Thanks! Go on then, give me VW’s pitch.
Right, the Golf R Estate is powered by the same 2.0-litre turbo engine as the Golf R hot hatch, which means 316bhp and 310lb ft of torque available from 2,100rpm. 0-62mph takes 4.9 seconds (two tenths slower than the hatch), with top speed limited to 155mph.
Unless you spec VW’s R Performance Pack, which ups this to 168mph and adds two additional drive modes: Special (for track use) and Drift (for drifting, duh). That’ll be £2,160 on top of the already quite spicy starting price of £44,535.

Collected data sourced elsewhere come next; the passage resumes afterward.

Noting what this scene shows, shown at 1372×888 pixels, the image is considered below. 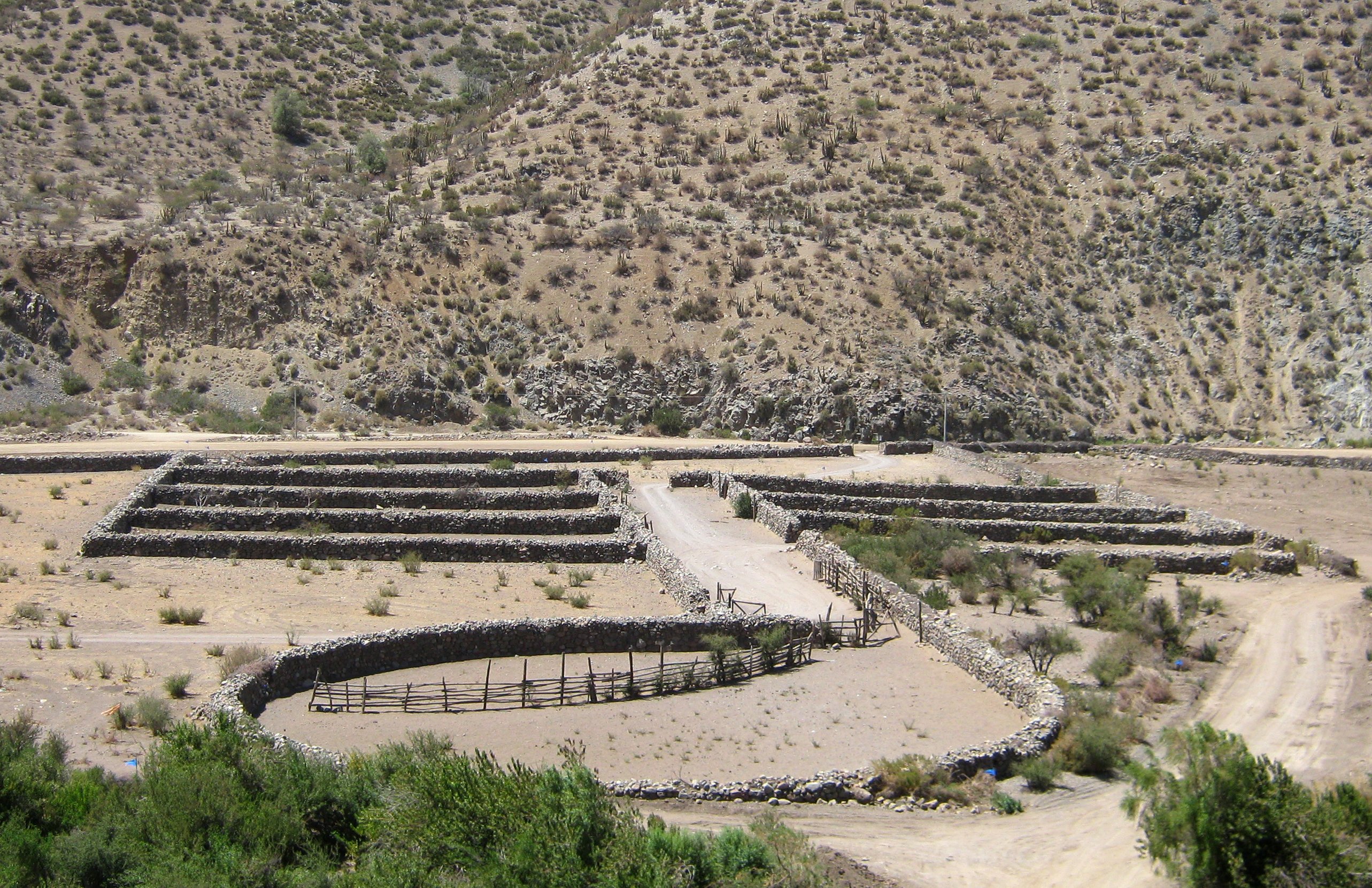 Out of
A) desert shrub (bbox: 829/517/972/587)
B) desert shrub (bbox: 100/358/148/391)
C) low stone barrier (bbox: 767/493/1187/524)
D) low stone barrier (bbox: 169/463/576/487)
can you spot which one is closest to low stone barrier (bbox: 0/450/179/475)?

4MOTION four-wheel drive is standard, with selective torque control able to send power to the rear axle (or even individual rear wheels) as needed. Meanwhile the transmission is a seven-speed dual-clutch auto, with paddles provided for those rare occasions you can ditch the family and head out to the nearest hill road just for funsies.
…please don’t use the word ‘funsies’ ever, ever again.

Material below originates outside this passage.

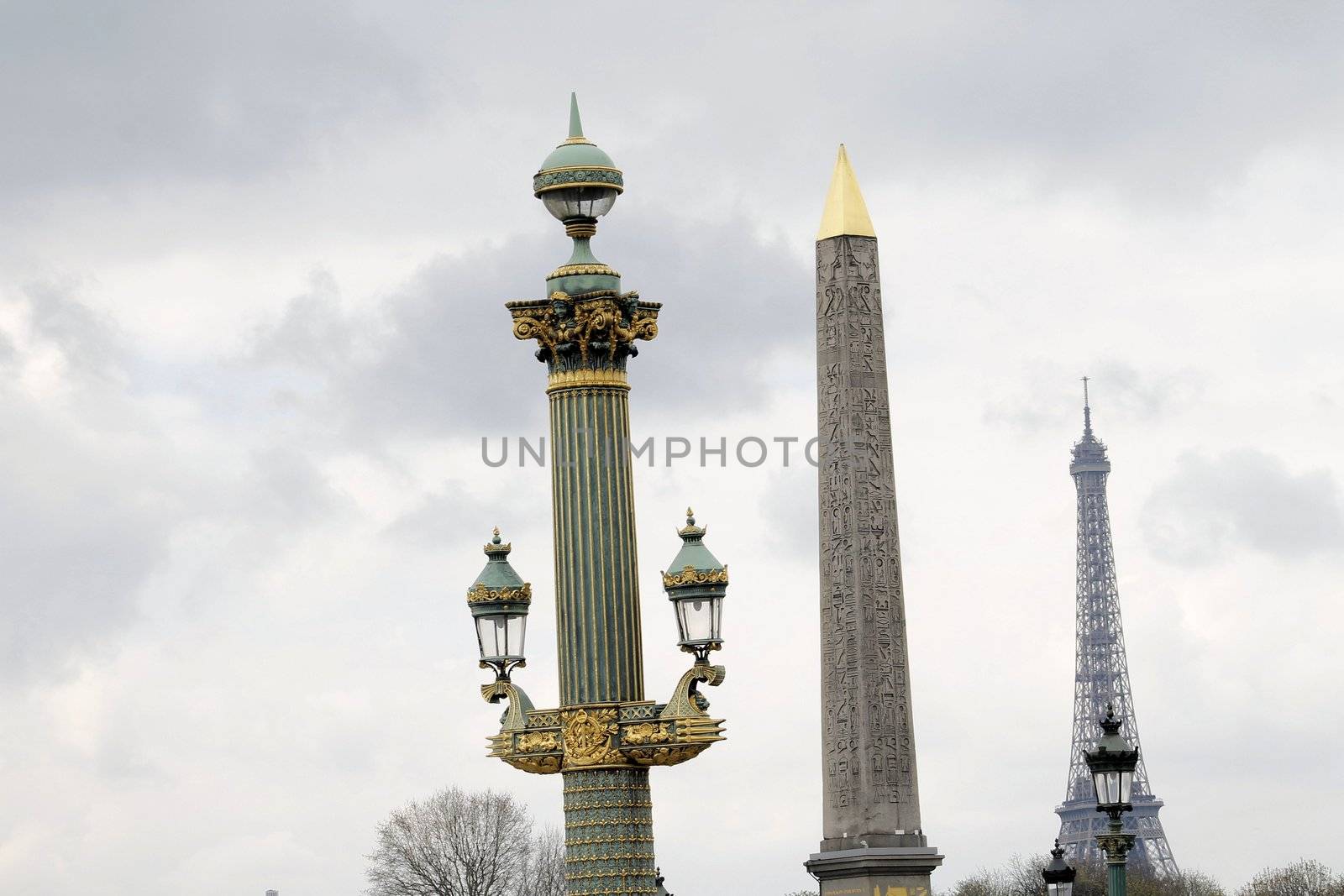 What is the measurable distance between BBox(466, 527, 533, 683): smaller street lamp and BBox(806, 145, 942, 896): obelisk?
22120mm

Sorry, it just slipped out. Officially the Golf R Estate is capable of 35.8mpg (only slightly down on the hatch), but in our time with the car we managed a very impressive 40mpg on long motorway drives. Expect 30mpg everywhere else, less if you’re, er, really going for it.
Understood. And the practical stuff?
The estate’s wheelbase is more generous to the tune of 50mm compared to the hatch, while the car is over a foot longer overall. That translates into a bit more rear legroom inside, and a lot more boot space: VW promises 611 litres with the seats up, or 1,642 litres with them folded down. A useful increase on the hatch’s 374-litre cargo area, that.
I’m sold. What’s it like to drive?
Superb, basically. Everyday driving is so, so easy, with typically grown-up manners around town and more than enough power to make quick progress on faster roads. That R badge doesn’t come at the cost of passenger comfort either, especially if you add the optional adaptive dampers for £840. They’re well worth the extra spend for what they do to the ride: supple at a relaxed pace, but firmer when you want to push.
I do want that.
Ooh you’re in for a treat. Our main worry was that the enlarged footprint of the estate would erase all trace of the joy you get in the hatch. It doesn’t. Stick it in Race mode and everything sharpens up, transforming your school-run wagon into a b-road toy.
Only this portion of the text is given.